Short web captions
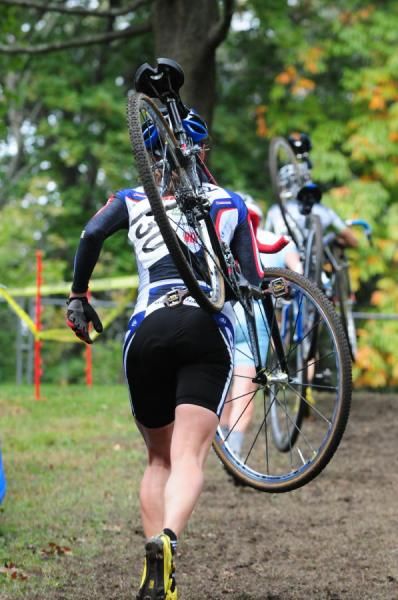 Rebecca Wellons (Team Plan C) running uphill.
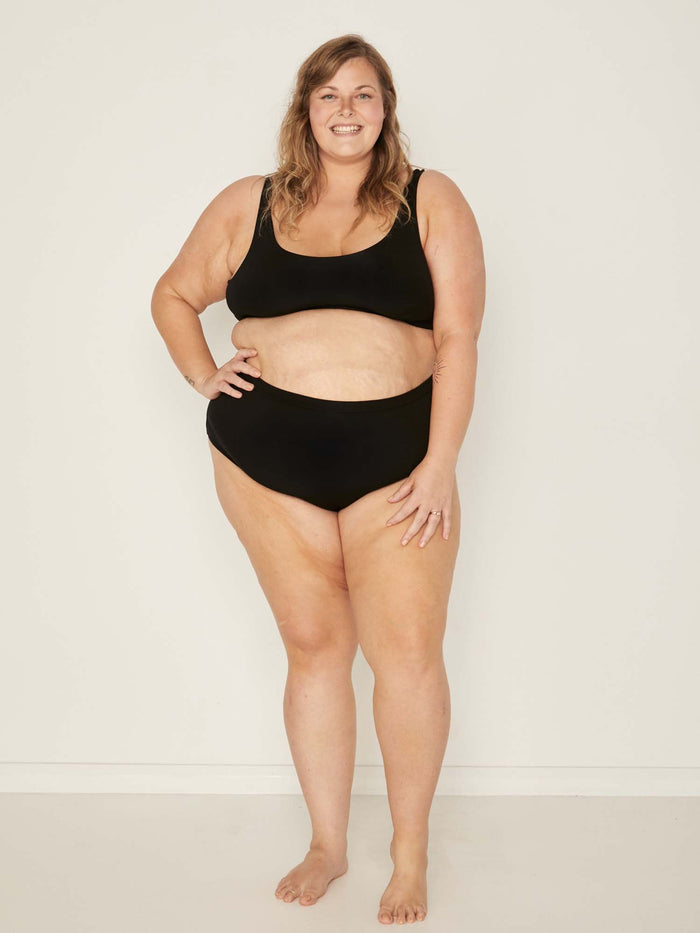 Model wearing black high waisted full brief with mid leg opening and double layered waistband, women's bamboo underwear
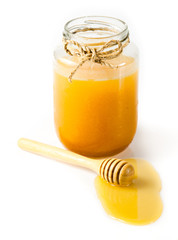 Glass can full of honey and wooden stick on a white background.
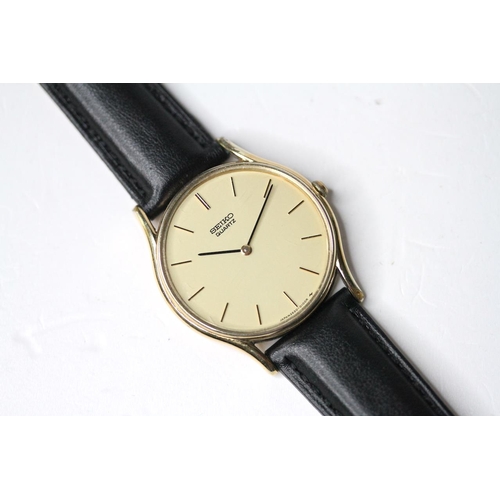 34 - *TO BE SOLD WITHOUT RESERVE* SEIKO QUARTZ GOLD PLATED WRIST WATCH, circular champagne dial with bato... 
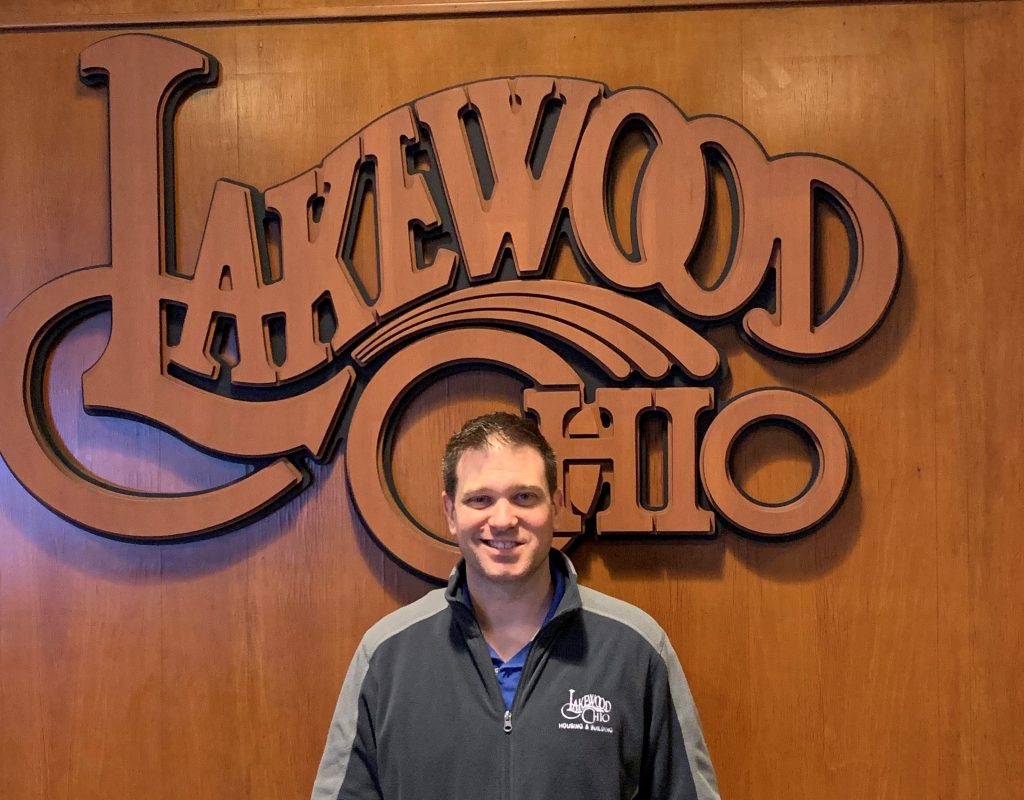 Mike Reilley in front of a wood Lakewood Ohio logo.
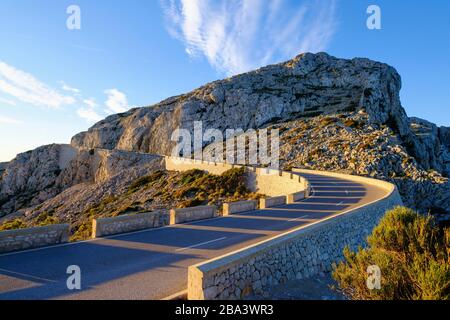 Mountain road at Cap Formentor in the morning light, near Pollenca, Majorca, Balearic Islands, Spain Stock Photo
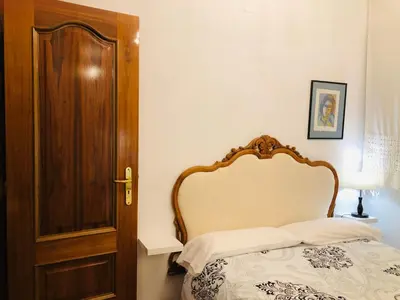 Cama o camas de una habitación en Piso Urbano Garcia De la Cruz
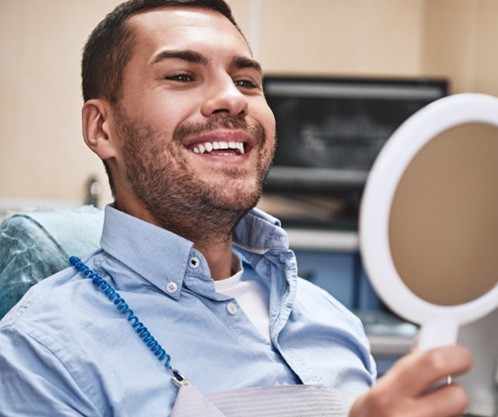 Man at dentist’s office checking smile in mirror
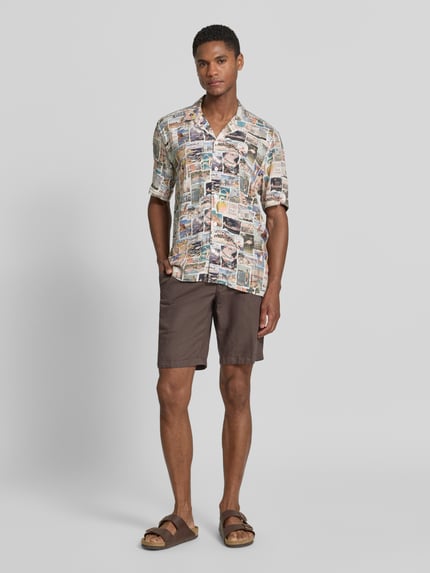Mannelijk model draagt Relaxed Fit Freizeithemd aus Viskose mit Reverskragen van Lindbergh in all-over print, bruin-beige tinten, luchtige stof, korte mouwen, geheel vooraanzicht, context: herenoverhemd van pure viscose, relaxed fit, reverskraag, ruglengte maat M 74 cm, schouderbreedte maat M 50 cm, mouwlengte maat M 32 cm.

WHAT THE TASK ASKS
Your answer must contain the full data, repeated exactly, without pictures.

EXERCISE SOLUTION
 Rebecca Wellons (Team Plan C) running uphill.
 Model wearing black high waisted full brief with mid leg opening and double layered waistband, women's bamboo underwear
 Glass can full of honey and wooden stick on a white background.
 34 - *TO BE SOLD WITHOUT RESERVE* SEIKO QUARTZ GOLD PLATED WRIST WATCH, circular champagne dial with bato... 
 Mike Reilley in front of a wood Lakewood Ohio logo.
 Mountain road at Cap Formentor in the morning light, near Pollenca, Majorca, Balearic Islands, Spain Stock Photo
 Cama o camas de una habitación en Piso Urbano Garcia De la Cruz
 Man at dentist’s office checking smile in mirror
Mannelijk model draagt Relaxed Fit Freizeithemd aus Viskose mit Reverskragen van Lindbergh in all-over print, bruin-beige tinten, luchtige stof, korte mouwen, geheel vooraanzicht, context: herenoverhemd van pure viscose, relaxed fit, reverskraag, ruglengte maat M 74 cm, schouderbreedte maat M 50 cm, mouwlengte maat M 32 cm.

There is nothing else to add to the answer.